### EXERCISE REQUIREMENTS
Using the listing below, set down exactly the lines from the one that contains "Bild von Sarah" through the one that contains "a bedroom with", with no pictures.

### SUPPLIED INFORMATION

★ ★ ★ ★

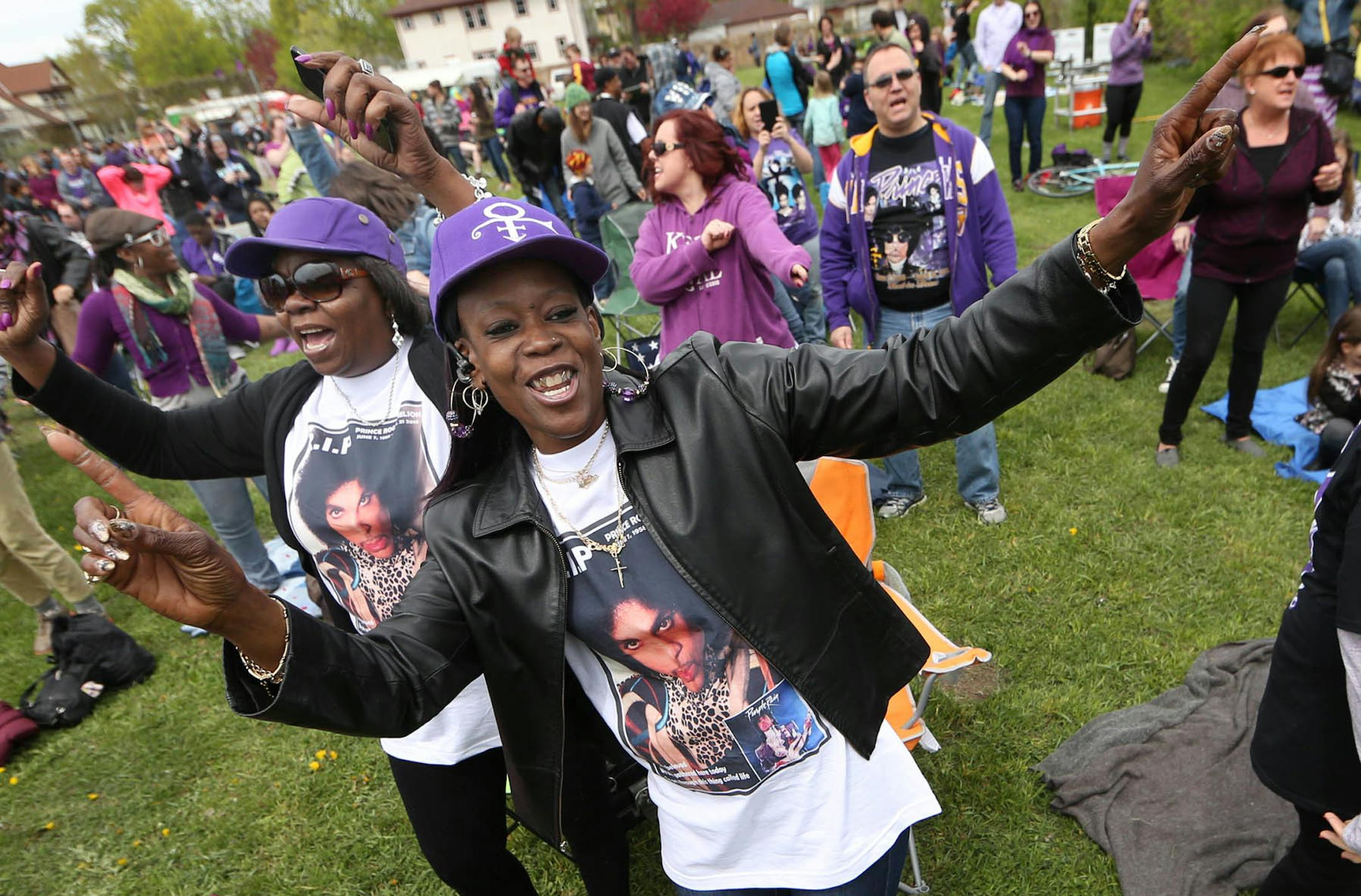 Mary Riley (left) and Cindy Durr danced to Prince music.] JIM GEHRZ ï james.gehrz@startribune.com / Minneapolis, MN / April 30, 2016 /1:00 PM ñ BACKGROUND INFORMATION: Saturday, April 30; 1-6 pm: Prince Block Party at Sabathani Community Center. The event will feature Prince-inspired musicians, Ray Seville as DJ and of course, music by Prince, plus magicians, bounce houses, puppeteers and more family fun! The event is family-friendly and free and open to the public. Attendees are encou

★ ★ ★ ★

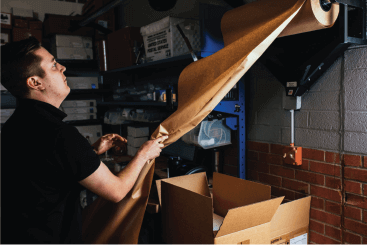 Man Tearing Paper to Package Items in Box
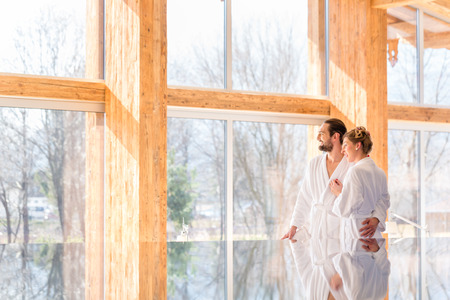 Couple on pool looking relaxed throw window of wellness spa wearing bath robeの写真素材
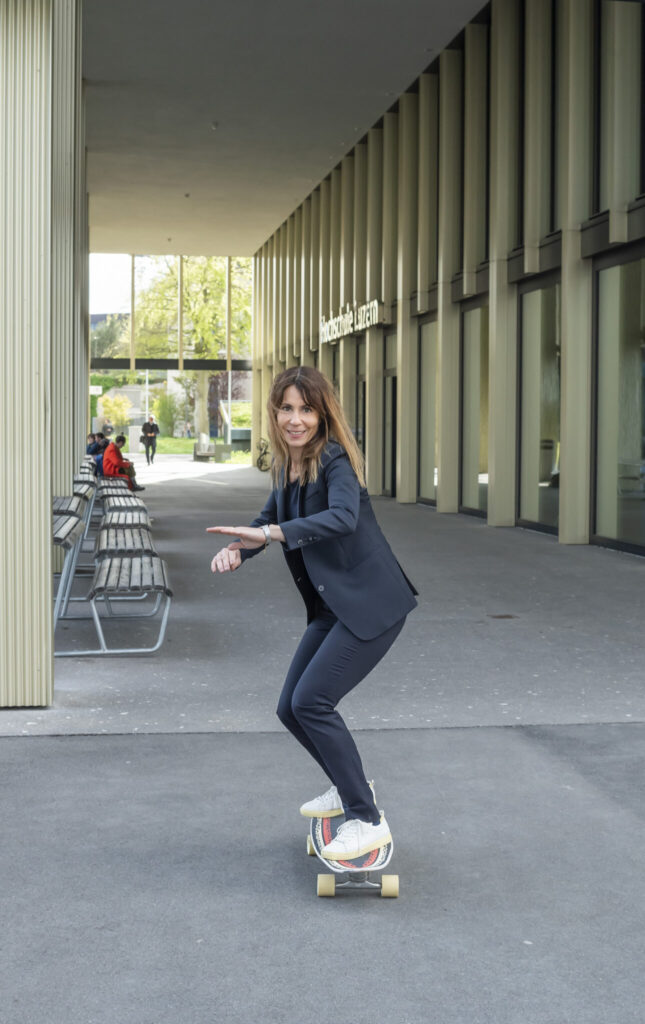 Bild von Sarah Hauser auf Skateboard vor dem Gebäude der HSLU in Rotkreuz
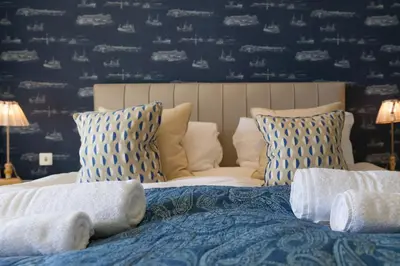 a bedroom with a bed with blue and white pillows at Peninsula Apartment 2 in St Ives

★ ★ ★ ★

### COMPLETED TASK
 Bild von Sarah Hauser auf Skateboard vor dem Gebäude der HSLU in Rotkreuz
 a bedroom with a bed with blue and white pillows at Peninsula Apartment 2 in St Ives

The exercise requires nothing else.